Bairrão acabou por não ser confirmado como secretário de Estado por, alegadamente, ser contra a privatização da RTP1.

bernardo bairrão, administrador da tvi, acabou por não ver confirmado o convite para secretário de estado por, alegadamente, ter defendido que seria um erro a privatização da rtp1. não me custa a crer. nem que bairrão tenha sido convidado (é competente); nem que entenda que a privatização seria um erro trágico (sabe do que fala); nem que o primeiro-ministro o tenha ‘desconvidado’ (a sua posição vai contra a do primeiro-ministro). mas, se assim foi, não deixa de ter sido um erro. porque bairrão tem razão, mesmo se a sua posição é ditada pelo legítimo receio de que, a concretizar-se, a decisão de passos coelho, além de baixar drasticamente a já tão baixa qualidade da programação dos canais generalistas em portugal e de diminuir significativamente os seus lucros, iria quase inevitavelmente arruinar um dos três. e esse canal bem poderia ser a tvi.
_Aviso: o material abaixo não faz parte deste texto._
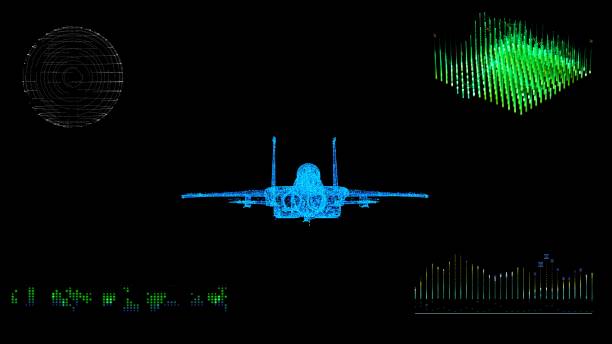 istock A animated 3d blue print model of a fighter jet in Space 1254309325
aparentemente, o primeiro-ministro terá percebido que a sua promessa era, no mínimo, discutível e deixou, por isso, de ser uma prioridade. não me admira que tenha sido aconselhado por alguns dos seus pares – sobretudo por morais sarmento que, no governo de durão barroso, também teve a mesma ideia – mas emendou a mão a tempo e acabou por ser o melhor ministro da tutela das últimas duas décadas. a verdade é que os problemas que passos coelho iria levantar seriam superiores aos que iria resolver. senão vejamos: 1. quem pagaria a dívida de mais de 700 milhões de euros da rtp1, uma vez que as suas receitas publicitárias estão comprometidas ao pagamento da dívida? quanto passariam a custar os outros canais e obrigações de serviço público (rtp2, açores e madeira, rtp áfrica e internacional, canais temáticos, etc., cujos conteúdos dependem em muito da rtp1)? como iria o ‘bolo publicitário’ (numa economia em recessão) poder assegurar o funcionamento de três canais comerciais ao aumentar a publicidade da rtp1 de seis para 12 minutos/hora? mais: para satisfazer alguns putativos candidatos, a medida iria criar graves problemas a balsemão (um dos fundadores do seu partido) e a pais do amaral, que não é propriamente um adversário político.

adiada para 2012, o governo tem tempo para recuar. mas, entretanto, porque não aproveitar estas tréguas para fazer uma reflexão séria sobre as perspectivas abertas pela convergência tecnológica da tv e das telecomunicações – tdt, hd, nova geração de telemóveis, pacotes de serviços (tv, net, telefone e telemóvel) –, e a sua incidência em portugal? de que estamos à espera para lançar as bases de uma verdadeira indústria de conteúdos? que medidas práticas deverão ser tomadas para estabelecer, de uma vez por todas, as bases de uma política da lusofonia nesta área, aproveitando o mercado de mais de 250 milhões de falantes lusófonos espalhados pelo mundo, e que, além de um elemento de afirmação cultural e de projecção de talentos, é uma preciosa alavanca de negócios e um instrumento de expansão da influência de portugal no mundo?